SGH Wealth Management: What I'm Reading

Down is Up. Night is Day.

SGH Wealth Management’s “Read What I’m Reading” Aug. 2022 | Aug. 5th, 2022

The Fed has gotten itself into quite the pickle… Parts of the economy are doing so well (employment/wages) that the American Consumer can afford to pay the currently inflated prices. This good news in jobs is causing Inflation to continue to rise, which is bad news.

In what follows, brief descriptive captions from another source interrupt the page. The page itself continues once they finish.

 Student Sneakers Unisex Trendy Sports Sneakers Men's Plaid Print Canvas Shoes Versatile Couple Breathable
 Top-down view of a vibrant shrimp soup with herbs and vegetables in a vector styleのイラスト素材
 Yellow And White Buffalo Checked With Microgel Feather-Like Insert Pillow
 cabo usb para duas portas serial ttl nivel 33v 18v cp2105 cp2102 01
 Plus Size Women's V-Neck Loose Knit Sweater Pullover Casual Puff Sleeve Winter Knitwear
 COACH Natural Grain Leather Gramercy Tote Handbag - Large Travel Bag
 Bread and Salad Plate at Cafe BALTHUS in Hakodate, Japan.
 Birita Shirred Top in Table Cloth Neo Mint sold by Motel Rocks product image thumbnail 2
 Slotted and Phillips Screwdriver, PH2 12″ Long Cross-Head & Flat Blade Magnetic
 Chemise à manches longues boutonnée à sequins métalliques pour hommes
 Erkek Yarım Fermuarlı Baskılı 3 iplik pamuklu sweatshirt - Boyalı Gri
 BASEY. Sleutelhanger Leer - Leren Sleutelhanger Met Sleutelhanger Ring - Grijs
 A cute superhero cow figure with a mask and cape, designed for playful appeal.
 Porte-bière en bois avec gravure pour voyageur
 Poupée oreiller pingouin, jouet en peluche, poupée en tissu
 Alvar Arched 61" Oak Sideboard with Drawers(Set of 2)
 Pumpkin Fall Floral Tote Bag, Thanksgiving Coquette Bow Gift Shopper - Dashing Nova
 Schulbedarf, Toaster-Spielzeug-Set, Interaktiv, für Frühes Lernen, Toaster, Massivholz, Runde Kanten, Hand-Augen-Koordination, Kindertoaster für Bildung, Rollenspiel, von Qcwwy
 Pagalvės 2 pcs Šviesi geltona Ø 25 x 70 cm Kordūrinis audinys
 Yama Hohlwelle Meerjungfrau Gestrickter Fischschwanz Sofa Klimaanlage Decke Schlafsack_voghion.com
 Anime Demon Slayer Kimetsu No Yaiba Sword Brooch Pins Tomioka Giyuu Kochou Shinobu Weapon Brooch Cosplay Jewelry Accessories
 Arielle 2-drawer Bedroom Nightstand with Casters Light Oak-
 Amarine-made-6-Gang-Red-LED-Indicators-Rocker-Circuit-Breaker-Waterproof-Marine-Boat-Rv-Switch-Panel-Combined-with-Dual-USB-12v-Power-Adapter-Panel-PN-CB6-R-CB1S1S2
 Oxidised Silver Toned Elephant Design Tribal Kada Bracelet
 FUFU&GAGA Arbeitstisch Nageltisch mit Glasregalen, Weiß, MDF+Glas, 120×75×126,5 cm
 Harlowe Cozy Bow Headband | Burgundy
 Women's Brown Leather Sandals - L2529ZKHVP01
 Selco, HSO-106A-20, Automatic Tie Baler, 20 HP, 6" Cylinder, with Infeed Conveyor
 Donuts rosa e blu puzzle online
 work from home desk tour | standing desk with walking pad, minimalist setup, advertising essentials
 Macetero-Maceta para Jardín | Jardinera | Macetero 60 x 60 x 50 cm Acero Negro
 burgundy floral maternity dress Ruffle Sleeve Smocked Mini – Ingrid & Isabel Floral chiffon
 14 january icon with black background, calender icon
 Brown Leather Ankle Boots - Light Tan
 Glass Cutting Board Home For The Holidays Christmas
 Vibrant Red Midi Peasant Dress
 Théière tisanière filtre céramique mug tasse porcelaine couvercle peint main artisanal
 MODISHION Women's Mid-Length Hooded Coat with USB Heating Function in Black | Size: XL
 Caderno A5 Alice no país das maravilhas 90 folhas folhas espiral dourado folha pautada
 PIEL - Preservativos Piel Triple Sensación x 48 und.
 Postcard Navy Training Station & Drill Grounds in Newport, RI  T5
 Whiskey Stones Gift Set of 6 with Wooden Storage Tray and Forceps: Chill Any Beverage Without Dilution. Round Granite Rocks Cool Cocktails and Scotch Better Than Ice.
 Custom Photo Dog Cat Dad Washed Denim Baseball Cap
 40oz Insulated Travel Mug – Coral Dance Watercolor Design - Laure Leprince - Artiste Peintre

But with the Fed’s singular focus of curbing Inflation, they will need some bad economic headlines to stop consumers from accepting these high prices.

GOOD NEWS FOR THE ECONOMY IS BAD NEWS OF INFLATION

The U.S. over doubled economist expectations by adding 528,000 jobs in July 2022, hitting an ALL-TIME record in payroll employees at 152.536M. This has resulted in 1.8x job openings per unemployed person. This employee demand means that people can afford to spend and not push back against the much higher prices of today. This is what runs the risk of keeping inflation persistently high but also, is a main reason why the economy is healthier than people give it credit for.

BAD NEWS FOR THE ECONOMY IS GOOD NEWS FOR INFLATION

We have now seen signs of the economy cooling with the recent 2 straight quarters of negative GDP growth but as of today, the NBER hasn’t made the official recession call (yet). There was one-time back in 1947 that GDP shrank for 2 straight quarters and the official “recession” call wasn’t made. The Housing market is feeling higher rates as well with sales of previously owned homes fell (-14.2%) from a year ago and 7.3% of weekly home sales were negotiated down in price. The highest it’s been since 2015.

AND we are seeing some signs of Inflationary Relief. National average gas prices declined 76¢ from their prior high to $4.26/gallon. Also, Corn and Wheat prices have come down to their Pre-Russia Ukraine War levels and are down 30-40% from recent highs. Suggesting that the Fed’s moves have had an effect.

In a battle with no winners, the recent stock market rally in July should tell us that analysts think things are better than the sensationalized news headlines infer.